EXERCISE DETAILS: Please transcribe the listing below in full and word for word, without its pictures.
····················
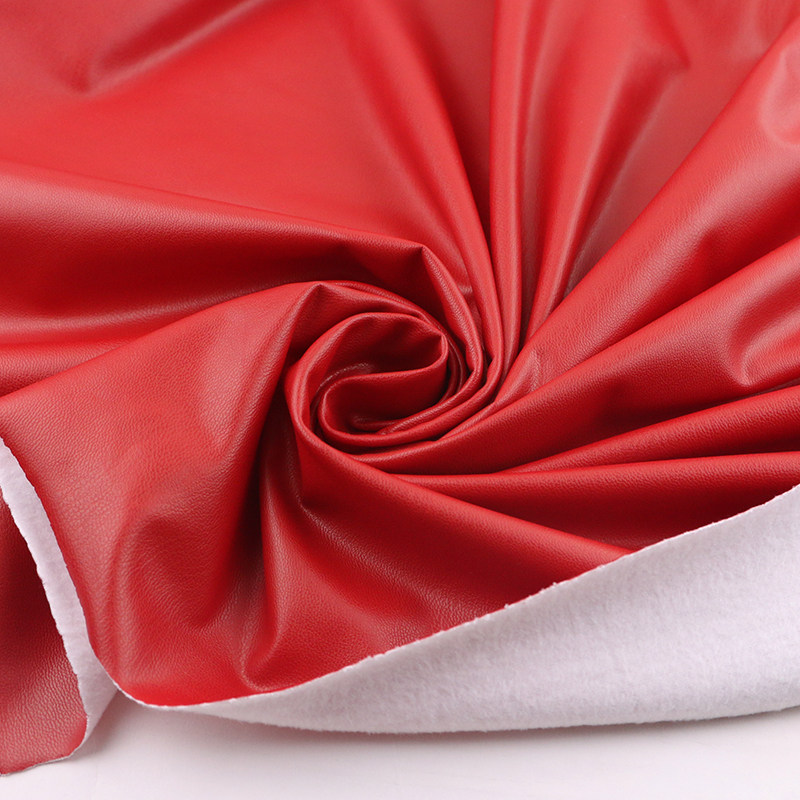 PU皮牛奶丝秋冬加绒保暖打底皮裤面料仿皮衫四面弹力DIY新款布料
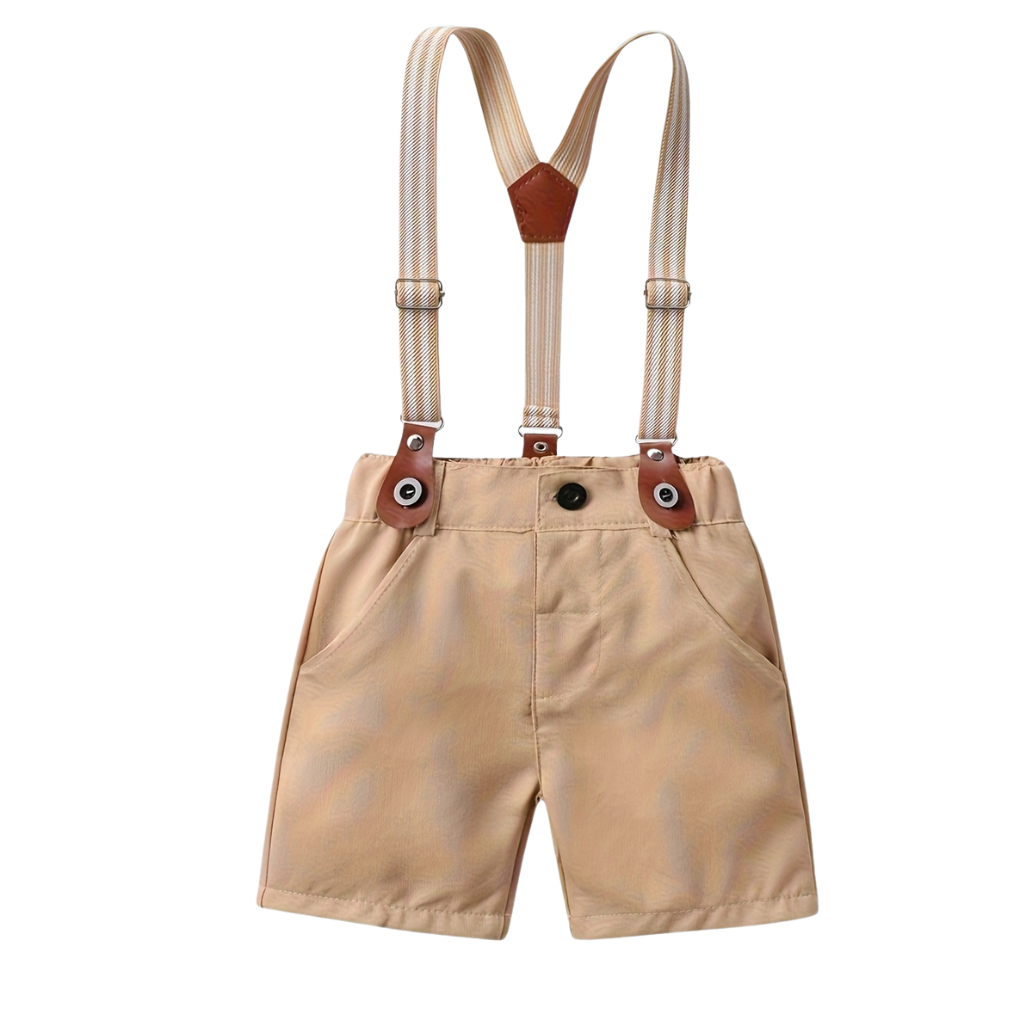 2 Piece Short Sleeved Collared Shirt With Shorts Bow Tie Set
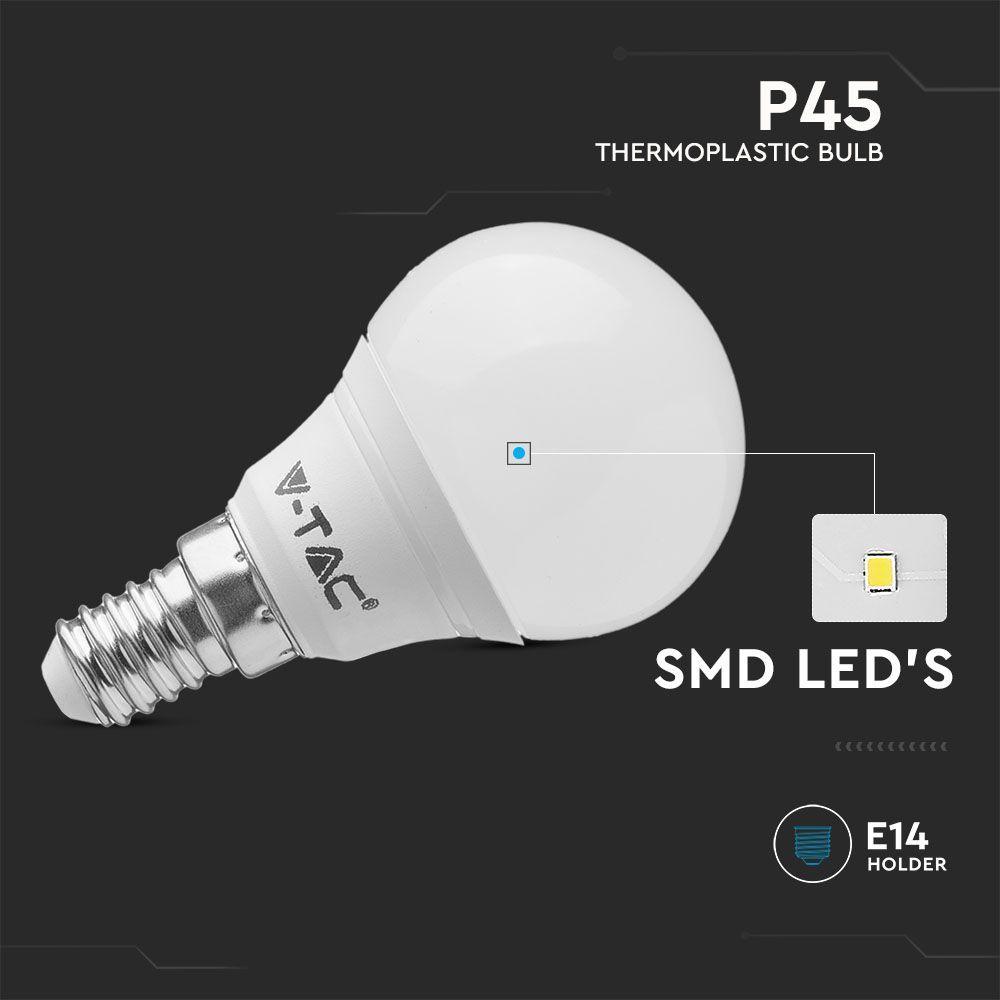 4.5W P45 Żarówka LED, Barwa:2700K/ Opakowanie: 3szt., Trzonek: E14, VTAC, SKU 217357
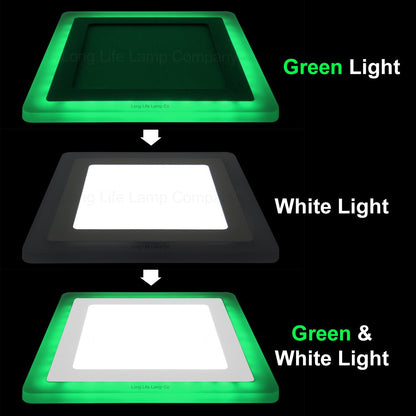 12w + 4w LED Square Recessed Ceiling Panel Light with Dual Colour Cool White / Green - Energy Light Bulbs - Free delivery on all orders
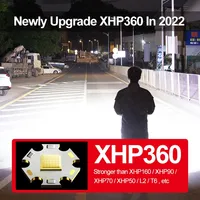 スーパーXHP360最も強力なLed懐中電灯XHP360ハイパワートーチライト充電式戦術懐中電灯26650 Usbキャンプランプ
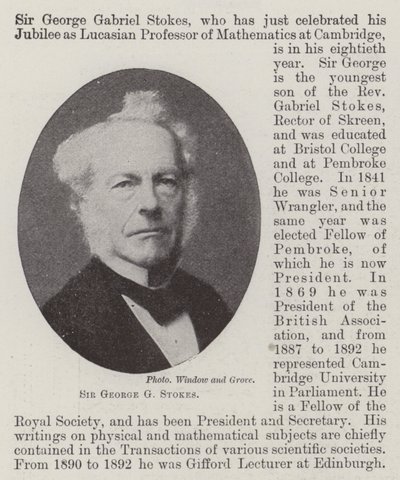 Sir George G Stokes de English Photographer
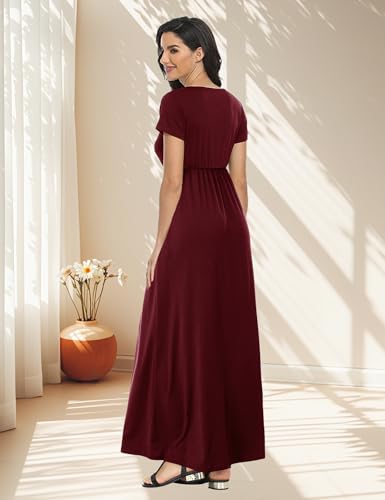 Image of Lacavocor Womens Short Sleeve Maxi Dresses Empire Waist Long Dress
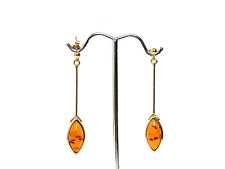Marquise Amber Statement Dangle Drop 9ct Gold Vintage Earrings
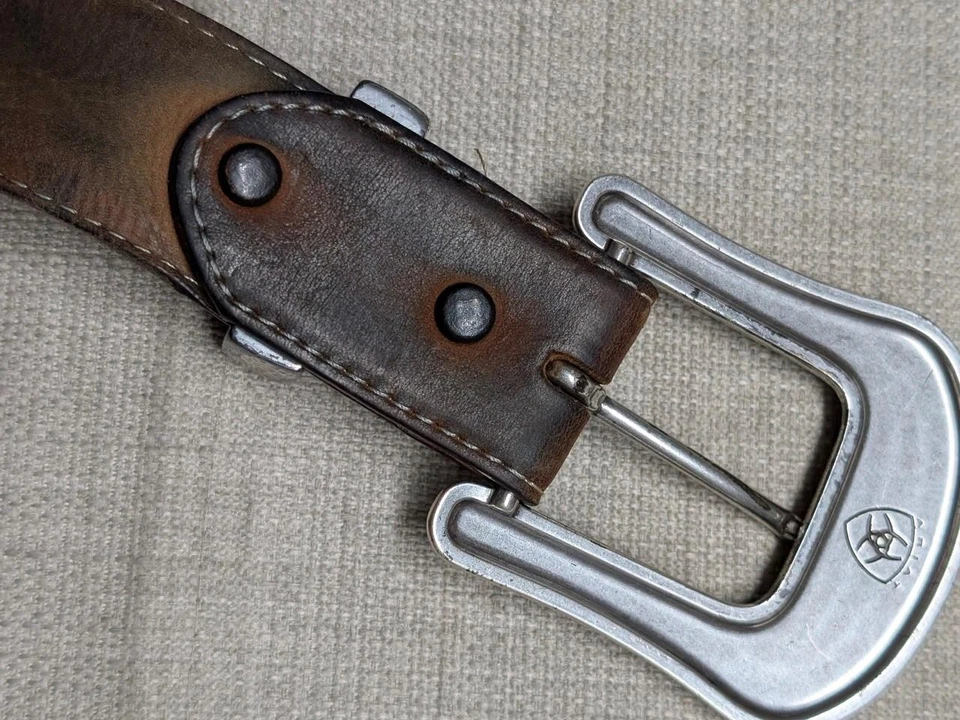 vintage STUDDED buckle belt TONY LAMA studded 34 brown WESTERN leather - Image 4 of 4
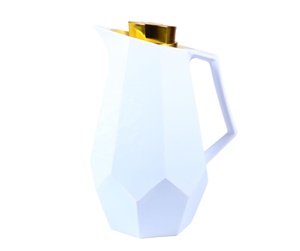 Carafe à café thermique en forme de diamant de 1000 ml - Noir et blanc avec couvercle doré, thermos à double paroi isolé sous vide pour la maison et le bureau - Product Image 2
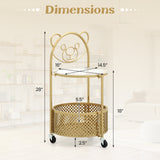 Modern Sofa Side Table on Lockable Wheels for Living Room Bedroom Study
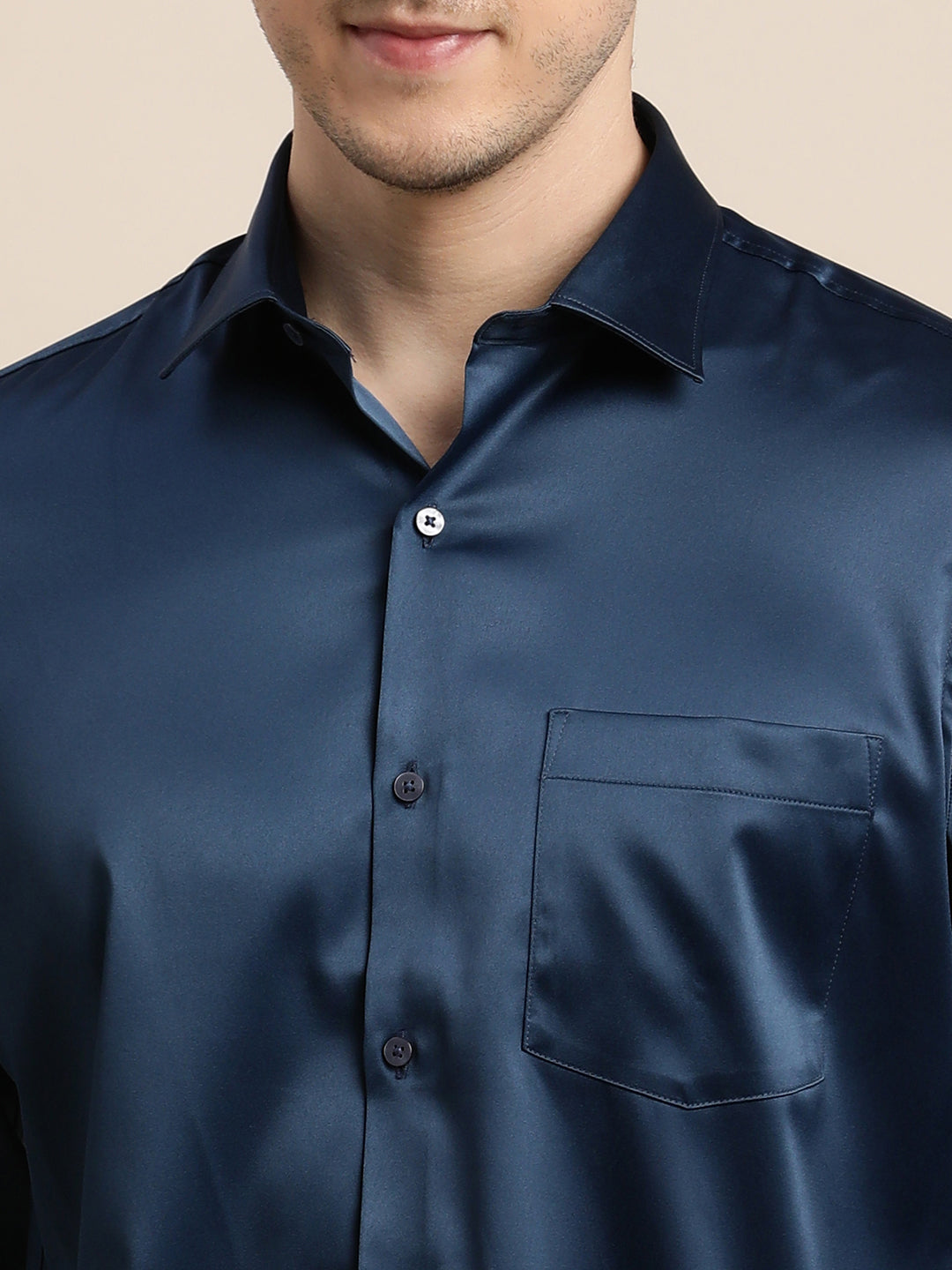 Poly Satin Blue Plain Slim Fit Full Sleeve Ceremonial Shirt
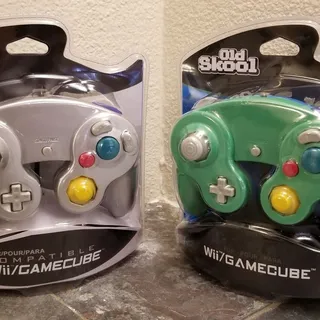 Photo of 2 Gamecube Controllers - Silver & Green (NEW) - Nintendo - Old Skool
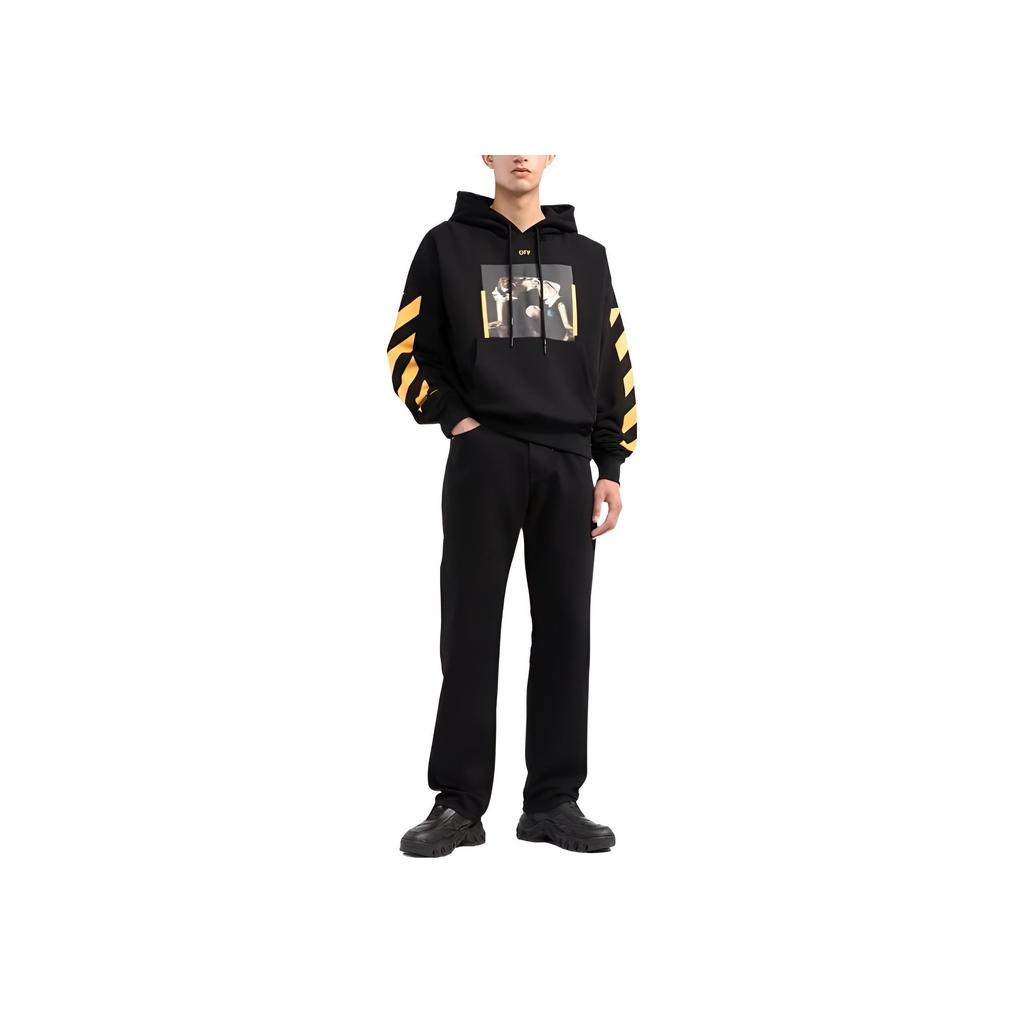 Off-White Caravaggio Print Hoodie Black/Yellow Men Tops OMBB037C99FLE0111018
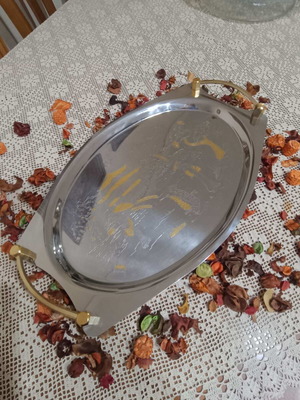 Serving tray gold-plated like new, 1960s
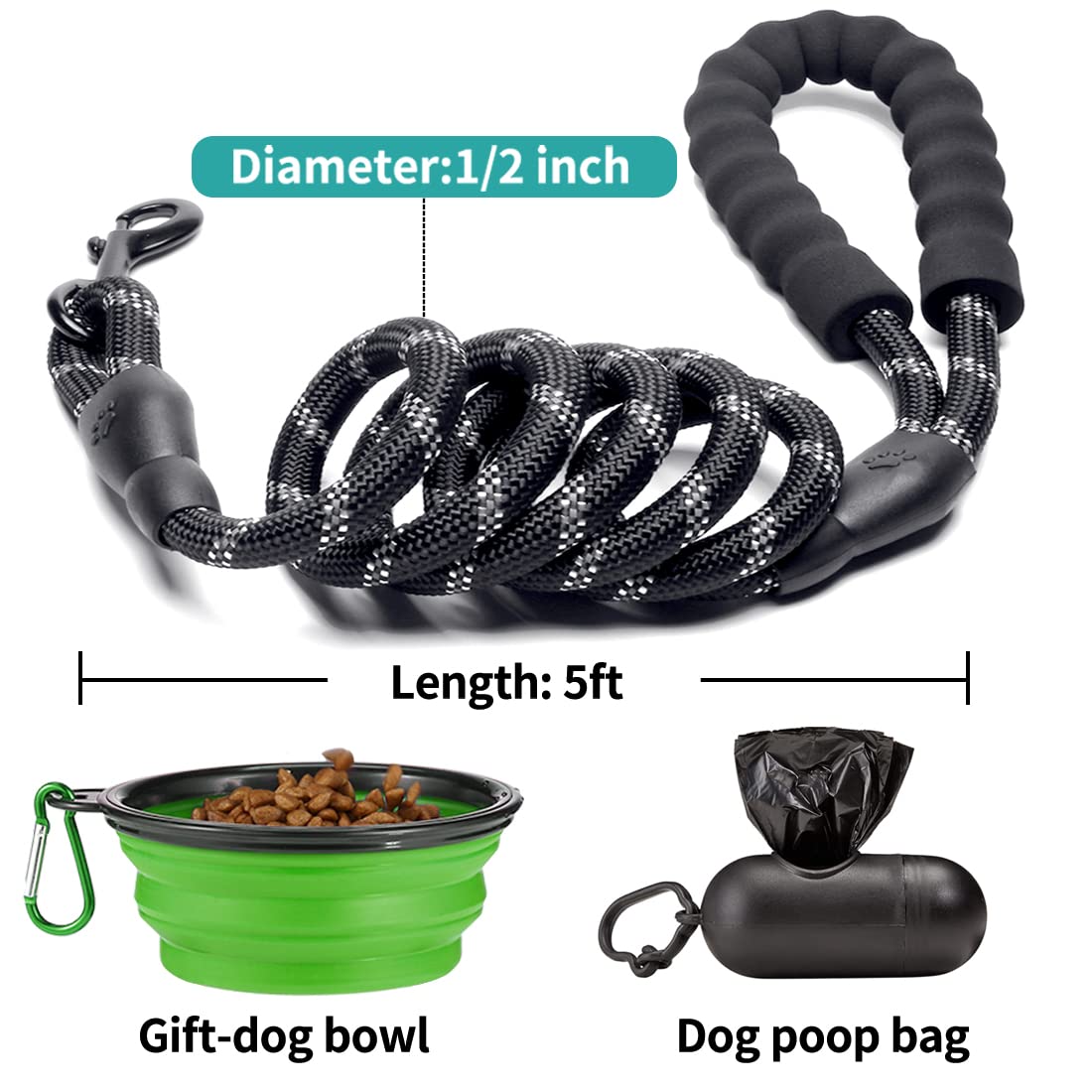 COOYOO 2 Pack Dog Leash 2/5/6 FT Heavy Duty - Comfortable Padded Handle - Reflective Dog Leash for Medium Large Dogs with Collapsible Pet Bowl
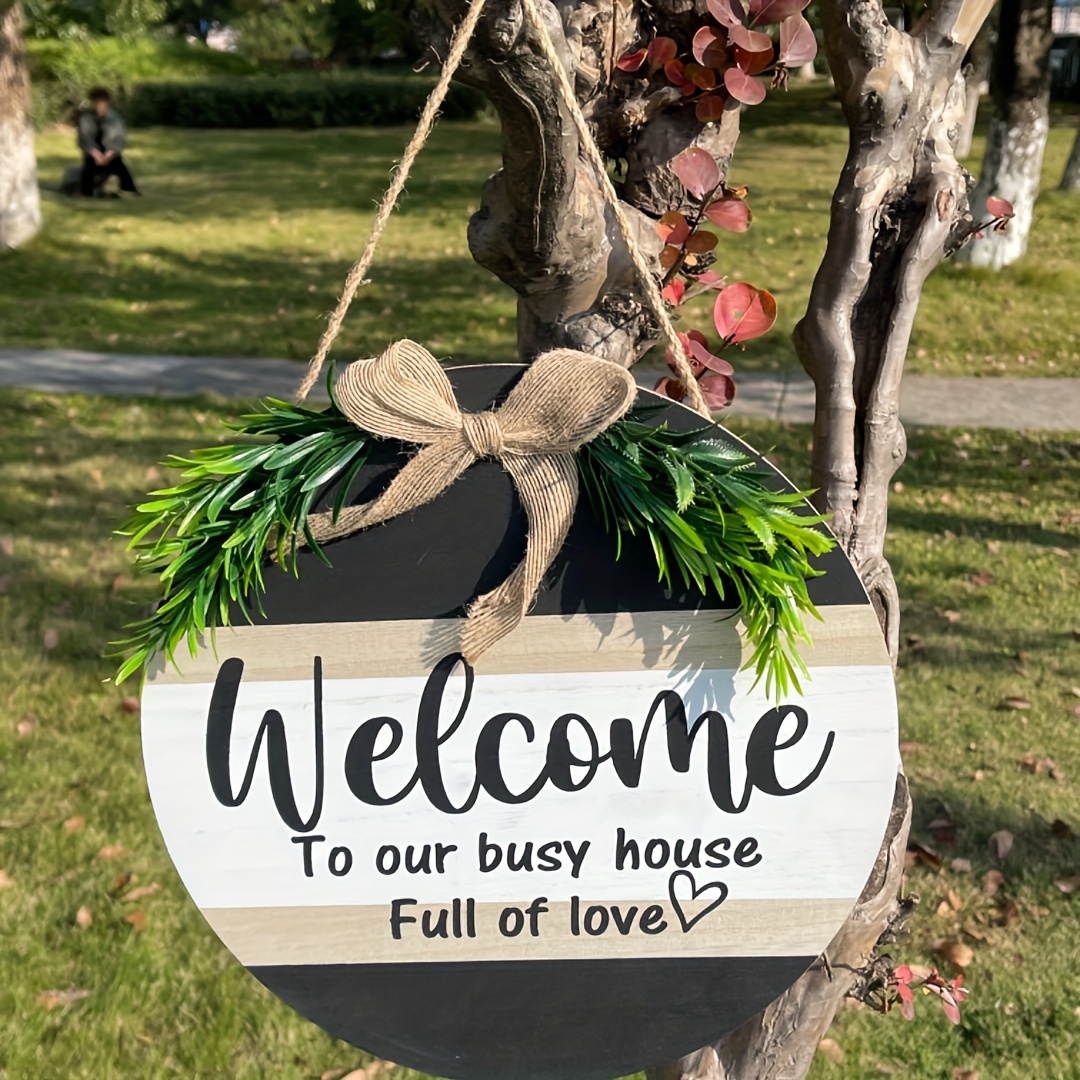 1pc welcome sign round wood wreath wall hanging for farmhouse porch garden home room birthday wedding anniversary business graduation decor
····················
EXERCISE RESULT:
 PU皮牛奶丝秋冬加绒保暖打底皮裤面料仿皮衫四面弹力DIY新款布料
 2 Piece Short Sleeved Collared Shirt With Shorts Bow Tie Set
 4.5W P45 Żarówka LED, Barwa:2700K/ Opakowanie: 3szt., Trzonek: E14, VTAC, SKU 217357
 12w + 4w LED Square Recessed Ceiling Panel Light with Dual Colour Cool White / Green - Energy Light Bulbs - Free delivery on all orders
 スーパーXHP360最も強力なLed懐中電灯XHP360ハイパワートーチライト充電式戦術懐中電灯26650 Usbキャンプランプ
 Sir George G Stokes de English Photographer
 Image of Lacavocor Womens Short Sleeve Maxi Dresses Empire Waist Long Dress
Marquise Amber Statement Dangle Drop 9ct Gold Vintage Earrings
 vintage STUDDED buckle belt TONY LAMA studded 34 brown WESTERN leather - Image 4 of 4
 Carafe à café thermique en forme de diamant de 1000 ml - Noir et blanc avec couvercle doré, thermos à double paroi isolé sous vide pour la maison et le bureau - Product Image 2
 Modern Sofa Side Table on Lockable Wheels for Living Room Bedroom Study
 Poly Satin Blue Plain Slim Fit Full Sleeve Ceremonial Shirt
 Photo of 2 Gamecube Controllers - Silver & Green (NEW) - Nintendo - Old Skool
 Off-White Caravaggio Print Hoodie Black/Yellow Men Tops OMBB037C99FLE0111018
 Serving tray gold-plated like new, 1960s
 COOYOO 2 Pack Dog Leash 2/5/6 FT Heavy Duty - Comfortable Padded Handle - Reflective Dog Leash for Medium Large Dogs with Collapsible Pet Bowl
 1pc welcome sign round wood wreath wall hanging for farmhouse porch garden home room birthday wedding anniversary business graduation decor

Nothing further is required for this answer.